DATA SHOWN
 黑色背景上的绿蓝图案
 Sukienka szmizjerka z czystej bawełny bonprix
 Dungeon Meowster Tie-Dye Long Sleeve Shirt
==
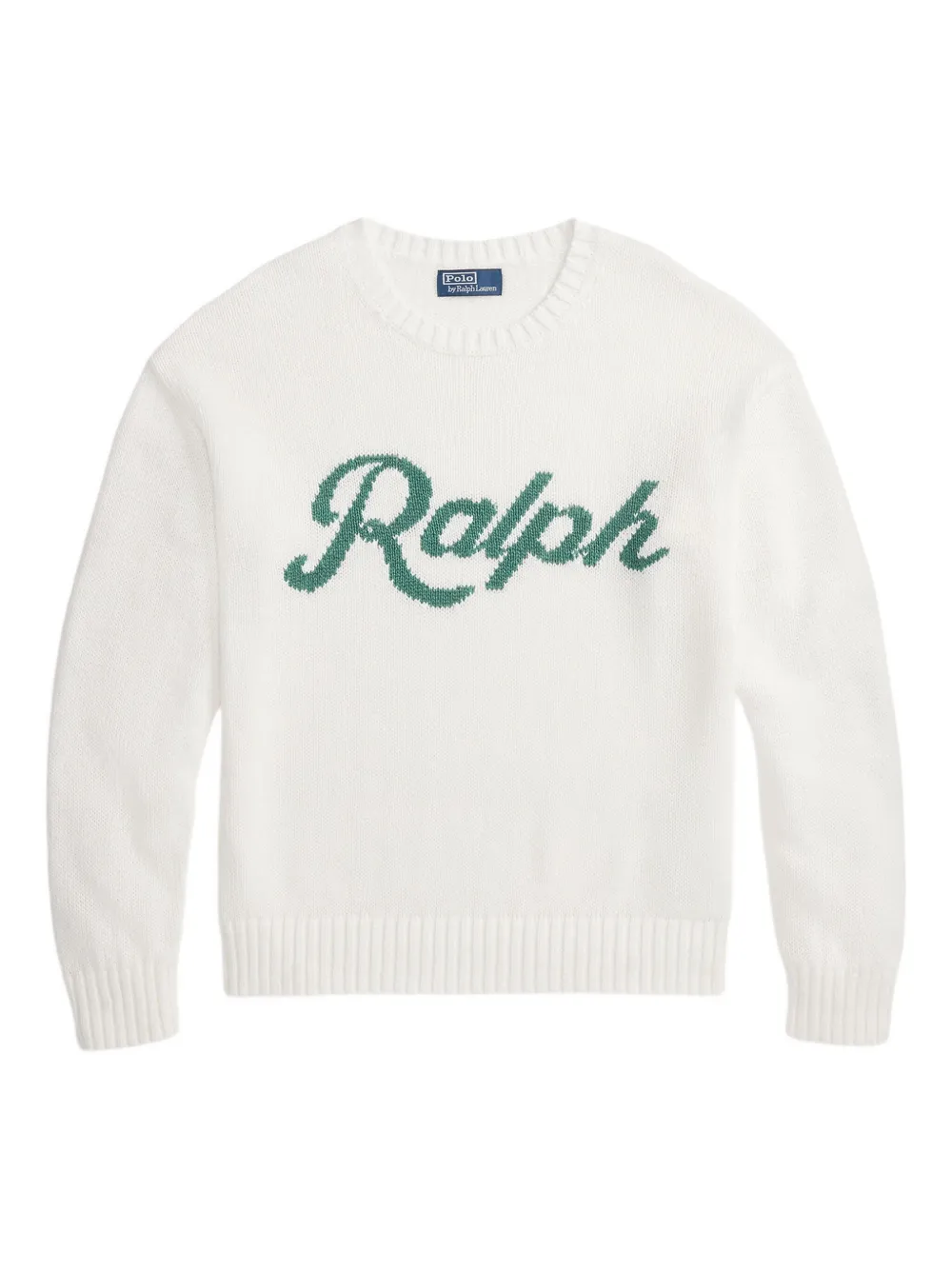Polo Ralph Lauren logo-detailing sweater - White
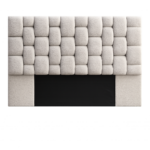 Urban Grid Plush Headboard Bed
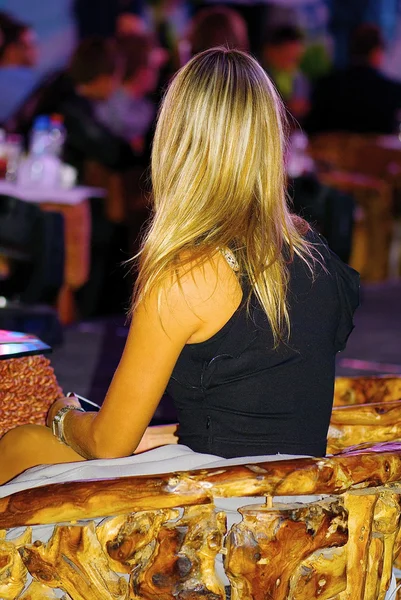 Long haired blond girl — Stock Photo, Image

TASK REQUIREMENTS
Your answer must be the exact lines from the records above, from the one containing "Urban Grid Plush Headboard Bed" through the one containing "Long haired blond girl — Stock Photo, Image", both included, with every picture left out.

ANSWER TO THIS EXERCISE
 Urban Grid Plush Headboard Bed
 Long haired blond girl — Stock Photo, Image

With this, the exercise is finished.